Four field experiments meet at the polished wooden bar of their neighborhood coffee shop.

“Y’all do not look like the bright and energetic agents of evidence-based policy making that I am used to seeing each morning. What’s up?” The barista climbs down from dusting the sign hanging over the rows of coffee cups and tea pots lining the wall behind the bar and turns to the customers. The sign says, “No Rules of Thumb.”

“We are block randomized today,” grumps the first experiment.

“Randomizing treatment assignment within pre-defined strata or blocks was supposed to make our findings more precise without adding any more complications to our analyses,” sighs the second experiment.

“Yeah.” They said, “A block-randomized experiment is just a series of independent mini-experiments. And, of course, we know how to estimate treatment effects and standard errors for one experiment, but now we can’t agree on how to combine our estimates across more than one block,” explains the third.

“And it just doesn’t matter how we estimate our effects. We should just always use fixed-effects,” grumbles the fourth.

“No! That could be a big problem!” The first experiment almost jumps out of the chair.

“Hey!,” the barista blasts a bit of steam from the steam wand and holds up a hand to pause the conflict. “Aren’t block randomized experiments just series of small independent experiments? Within each block you should be able to estimate the ATE and SE, right? And you just need to combine those all together somehow, right? So shouldn’t it be simple?”

“Ah,” the first experiment leans over to look at what the barista is doing. “Right. None of us has very small blocks — we each only have three blocks and we have more than 10 people in each block. So we can calculate randomization-justified ATEs and SEs within each block. But we are arguing about the weights. Say I found an effect of 5 in one block and 1 in another block. Should the overall effect just be a simple average that weights each block the same like (5+1)/2=3? What if the first block has 100 people and second block has 10 people? Shouldn’t the effect be (5 \(\times\) 100)/110 + (1 \(\times\) 10)/110 = 4.64?”

“So, you are saying that you should combine block-level estimates using the proportion of the total sample in the block as a weight?” the barista is pouring some new coffee beans into bowls set on two different digital scales. “That makes sense to me. Why don’t y’all just do that? You don’t want your overall effect to overrepresent what happened in the small block, right? You have a lot more information about the treatment effect in the bigger block and so that information should play a bigger role in the overall story of the experiment.”

“We should,” says the first experiment a bit grumpily, “After all, lots of previous literature and even fairly simple math tells us that this block-size weighted estimator is unbiased and other weights produce biased estimators. For example, we have been reading Gerber and Green (2012) (Chapter 3), the blog post, The trouble with ‘controlling for’ blocks, and the analytics in Humphreys (2009), which make exactly this argument.”

“By the way, what are you doing with the scales this morning?

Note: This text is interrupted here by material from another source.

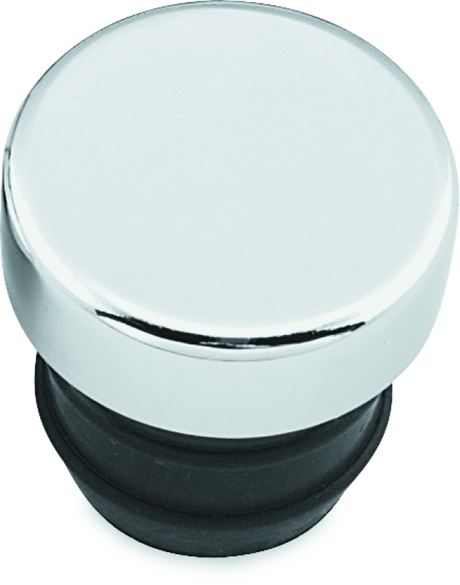 Bikers Choice Big Twin & XL Chrome Custom Oil Tank Cap 1 3/16 Inch Push In Replaces H-D 62644-84T Bikers Choice Oil Caps  AXOPROS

Usually you just start making our regular drink orders.” The second experiment is also looking at the scales, bowls, and beans.

“Oh. These are new beans. I know that a good espresso depends on striking a balance between bitter and sour. And, in general, with the beans I’m used to getting, I know that about 17 grams of beans ground at about level 2 and extracted at 9 psi for about 24 seconds makes a good double shot using this grinder and this machine and 40 percent humidity in the shop. But, since these are new beans, I have to explore the values of these variables a bit before deciding about the right balance. I’ll be back to pulling shots quickly tomorrow. Today, however, I need to make some test coffees that I may not sell in order to learn how to make good coffee with these beans. Just a sec, it will be noisy while I grind this.” With the newly ground beans in the portafilter, the barista puts a scale under a cup, zeros out the weight, touches the button on a timer, and flips the chrome switch on the espresso machine. “So, back to field experiments, why don’t you just use the idea that blocks with more information should contribute more to the estimate and get back to enjoying your day?”

“Well, that is kind of the problem,” says the second experiment a bit wearily, as if rehashing an old argument. “It is very expensive to do policy-relevant field experiments — so we might want to trade a little bit of bias for increases in precision. We also know that a different form of weighting that we call ‘precision-weighting’ is optimal from that perspective.¹”

“Can you explain the intuition behind the precision-weighting approach?” The third experiment gestures to the barista, “Meanwhile, I’m happy to help you test free espresso shots while you figure out your own procedure for this new batch of beans.”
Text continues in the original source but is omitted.